▸ Problem to solve
Retype each entry below exactly as it stands.

▸ Data for review
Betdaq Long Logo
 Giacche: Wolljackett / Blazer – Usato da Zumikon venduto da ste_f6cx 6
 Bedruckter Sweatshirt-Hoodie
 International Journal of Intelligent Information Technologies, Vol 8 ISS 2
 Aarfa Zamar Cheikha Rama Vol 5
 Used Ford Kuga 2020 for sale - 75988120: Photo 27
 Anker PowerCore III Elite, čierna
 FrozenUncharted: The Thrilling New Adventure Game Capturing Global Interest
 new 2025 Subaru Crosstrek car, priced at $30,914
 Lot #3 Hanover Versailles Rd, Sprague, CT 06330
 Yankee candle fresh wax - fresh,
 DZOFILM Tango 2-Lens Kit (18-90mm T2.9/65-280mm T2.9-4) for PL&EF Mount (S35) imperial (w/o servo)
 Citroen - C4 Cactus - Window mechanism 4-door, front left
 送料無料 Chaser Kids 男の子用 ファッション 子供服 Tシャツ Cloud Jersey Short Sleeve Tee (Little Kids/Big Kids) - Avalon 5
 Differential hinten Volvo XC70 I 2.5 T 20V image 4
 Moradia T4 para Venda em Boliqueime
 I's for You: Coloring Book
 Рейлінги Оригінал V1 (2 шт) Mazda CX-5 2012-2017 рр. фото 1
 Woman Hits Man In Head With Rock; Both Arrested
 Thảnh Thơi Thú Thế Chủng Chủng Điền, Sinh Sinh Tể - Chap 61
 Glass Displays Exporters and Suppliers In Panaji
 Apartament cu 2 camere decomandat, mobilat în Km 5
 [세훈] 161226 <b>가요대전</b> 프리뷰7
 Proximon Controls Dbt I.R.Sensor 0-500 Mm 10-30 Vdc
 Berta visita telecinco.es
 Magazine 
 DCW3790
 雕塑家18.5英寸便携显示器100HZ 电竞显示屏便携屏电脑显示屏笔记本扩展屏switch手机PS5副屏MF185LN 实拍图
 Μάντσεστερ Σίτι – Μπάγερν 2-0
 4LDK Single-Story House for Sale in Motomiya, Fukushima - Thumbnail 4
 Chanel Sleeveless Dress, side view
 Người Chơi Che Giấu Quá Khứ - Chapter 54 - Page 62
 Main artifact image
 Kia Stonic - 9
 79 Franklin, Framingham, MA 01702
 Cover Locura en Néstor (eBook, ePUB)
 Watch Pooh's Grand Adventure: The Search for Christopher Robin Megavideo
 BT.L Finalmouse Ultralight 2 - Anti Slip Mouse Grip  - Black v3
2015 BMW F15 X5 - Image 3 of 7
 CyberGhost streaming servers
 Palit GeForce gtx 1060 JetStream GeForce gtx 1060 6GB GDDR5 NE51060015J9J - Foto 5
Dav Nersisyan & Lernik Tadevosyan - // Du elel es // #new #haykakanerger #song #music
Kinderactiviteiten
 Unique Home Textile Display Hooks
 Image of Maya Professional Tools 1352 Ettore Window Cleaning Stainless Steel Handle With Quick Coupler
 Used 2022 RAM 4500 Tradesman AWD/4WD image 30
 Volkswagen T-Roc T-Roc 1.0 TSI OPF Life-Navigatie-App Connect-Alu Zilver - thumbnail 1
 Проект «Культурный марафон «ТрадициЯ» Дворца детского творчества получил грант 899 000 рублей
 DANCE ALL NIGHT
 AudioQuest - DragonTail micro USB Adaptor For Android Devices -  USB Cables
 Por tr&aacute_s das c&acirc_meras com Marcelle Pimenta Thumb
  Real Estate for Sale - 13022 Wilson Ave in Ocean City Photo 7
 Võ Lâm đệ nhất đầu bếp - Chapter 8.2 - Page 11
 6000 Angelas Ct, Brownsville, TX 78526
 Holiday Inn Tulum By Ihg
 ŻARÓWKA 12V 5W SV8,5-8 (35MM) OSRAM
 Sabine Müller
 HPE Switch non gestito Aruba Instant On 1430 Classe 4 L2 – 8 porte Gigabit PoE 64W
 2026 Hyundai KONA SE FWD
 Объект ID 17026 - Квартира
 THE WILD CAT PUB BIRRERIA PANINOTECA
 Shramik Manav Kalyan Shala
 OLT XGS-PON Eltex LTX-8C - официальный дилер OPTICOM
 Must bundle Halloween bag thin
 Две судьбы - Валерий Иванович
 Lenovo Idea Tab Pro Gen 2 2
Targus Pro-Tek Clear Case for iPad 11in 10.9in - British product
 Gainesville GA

▸ Result of the exercise
Betdaq Long Logo
 Giacche: Wolljackett / Blazer – Usato da Zumikon venduto da ste_f6cx 6
 Bedruckter Sweatshirt-Hoodie
 International Journal of Intelligent Information Technologies, Vol 8 ISS 2
 Aarfa Zamar Cheikha Rama Vol 5
 Used Ford Kuga 2020 for sale - 75988120: Photo 27
 Anker PowerCore III Elite, čierna
 FrozenUncharted: The Thrilling New Adventure Game Capturing Global Interest
 new 2025 Subaru Crosstrek car, priced at $30,914
 Lot #3 Hanover Versailles Rd, Sprague, CT 06330
 Yankee candle fresh wax - fresh,
 DZOFILM Tango 2-Lens Kit (18-90mm T2.9/65-280mm T2.9-4) for PL&EF Mount (S35) imperial (w/o servo)
 Citroen - C4 Cactus - Window mechanism 4-door, front left
 送料無料 Chaser Kids 男の子用 ファッション 子供服 Tシャツ Cloud Jersey Short Sleeve Tee (Little Kids/Big Kids) - Avalon 5
 Differential hinten Volvo XC70 I 2.5 T 20V image 4
 Moradia T4 para Venda em Boliqueime
 I's for You: Coloring Book
 Рейлінги Оригінал V1 (2 шт) Mazda CX-5 2012-2017 рр. фото 1
 Woman Hits Man In Head With Rock; Both Arrested
 Thảnh Thơi Thú Thế Chủng Chủng Điền, Sinh Sinh Tể - Chap 61
 Glass Displays Exporters and Suppliers In Panaji
 Apartament cu 2 camere decomandat, mobilat în Km 5
 [세훈] 161226 <b>가요대전</b> 프리뷰7
 Proximon Controls Dbt I.R.Sensor 0-500 Mm 10-30 Vdc
 Berta visita telecinco.es
 Magazine 
 DCW3790
 雕塑家18.5英寸便携显示器100HZ 电竞显示屏便携屏电脑显示屏笔记本扩展屏switch手机PS5副屏MF185LN 实拍图
 Μάντσεστερ Σίτι – Μπάγερν 2-0
 4LDK Single-Story House for Sale in Motomiya, Fukushima - Thumbnail 4
 Chanel Sleeveless Dress, side view
 Người Chơi Che Giấu Quá Khứ - Chapter 54 - Page 62
 Main artifact image
 Kia Stonic - 9
 79 Franklin, Framingham, MA 01702
 Cover Locura en Néstor (eBook, ePUB)
 Watch Pooh's Grand Adventure: The Search for Christopher Robin Megavideo
 BT.L Finalmouse Ultralight 2 - Anti Slip Mouse Grip  - Black v3
2015 BMW F15 X5 - Image 3 of 7
 CyberGhost streaming servers
 Palit GeForce gtx 1060 JetStream GeForce gtx 1060 6GB GDDR5 NE51060015J9J - Foto 5
Dav Nersisyan & Lernik Tadevosyan - // Du elel es // #new #haykakanerger #song #music
Kinderactiviteiten
 Unique Home Textile Display Hooks
 Image of Maya Professional Tools 1352 Ettore Window Cleaning Stainless Steel Handle With Quick Coupler
 Used 2022 RAM 4500 Tradesman AWD/4WD image 30
 Volkswagen T-Roc T-Roc 1.0 TSI OPF Life-Navigatie-App Connect-Alu Zilver - thumbnail 1
 Проект «Культурный марафон «ТрадициЯ» Дворца детского творчества получил грант 899 000 рублей
 DANCE ALL NIGHT
 AudioQuest - DragonTail micro USB Adaptor For Android Devices -  USB Cables
 Por tr&aacute_s das c&acirc_meras com Marcelle Pimenta Thumb
  Real Estate for Sale - 13022 Wilson Ave in Ocean City Photo 7
 Võ Lâm đệ nhất đầu bếp - Chapter 8.2 - Page 11
 6000 Angelas Ct, Brownsville, TX 78526
 Holiday Inn Tulum By Ihg
 ŻARÓWKA 12V 5W SV8,5-8 (35MM) OSRAM
 Sabine Müller
 HPE Switch non gestito Aruba Instant On 1430 Classe 4 L2 – 8 porte Gigabit PoE 64W
 2026 Hyundai KONA SE FWD
 Объект ID 17026 - Квартира
 THE WILD CAT PUB BIRRERIA PANINOTECA
 Shramik Manav Kalyan Shala
 OLT XGS-PON Eltex LTX-8C - официальный дилер OPTICOM
 Must bundle Halloween bag thin
 Две судьбы - Валерий Иванович
 Lenovo Idea Tab Pro Gen 2 2
Targus Pro-Tek Clear Case for iPad 11in 10.9in - British product
 Gainesville GA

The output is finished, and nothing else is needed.